According to Mitchell, Russian president Vladimir Putin believes the Constitution is “an experiment that will fail if challenged in the right way from within.”
“Putin wants to break apart the American republic, not by influencing an election or two, but by systematically inflaming the perceived fault-lines that exist within our society,” he said. “His is a strategy of chaos for strategic effect.”
Understanding Putin’s motive is essential for developing responses to the threat.
“The most dangerous thing we could do is to politicize the challenge, which in itself would be a gift to Putin,” Mitchell said.
Putin is supporting the subversion in a bid to gain international dominance. To further that goal, the Russian military has been tasked, according to a handbook, “to carry out mass psychological campaigns against the population of a state in order to destabilize society and the government; as well as forcing a state to make decisions in the interests of their opponents.”

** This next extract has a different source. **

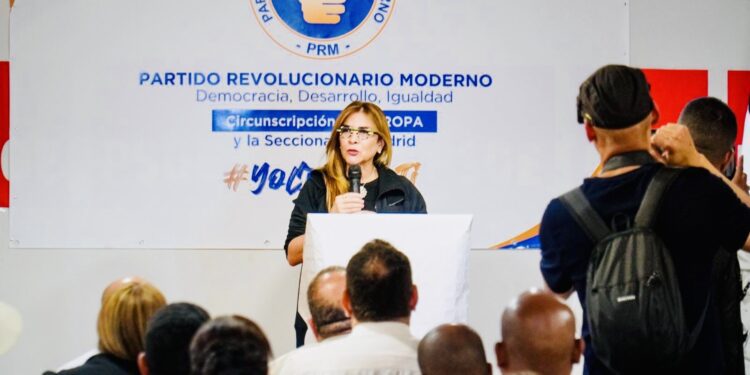Carolina Mejía fortalece lazos del PRM con diáspora en Europa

Russian influence operations include a “toolkit of subversive statecraft” first developed by the Bolsheviks and later the Soviet Union and now “upgraded for the digital age,” Mitchell said. The operations are directed from a very high level of the Russian government and backed by significant resources.
“I think what we’ve seen in the Russian approach to the United States in influence operations is very much not a partisan effort,” Mitchell said. “I think it’s a very cynical effort to pit preexisting political camps against one another.”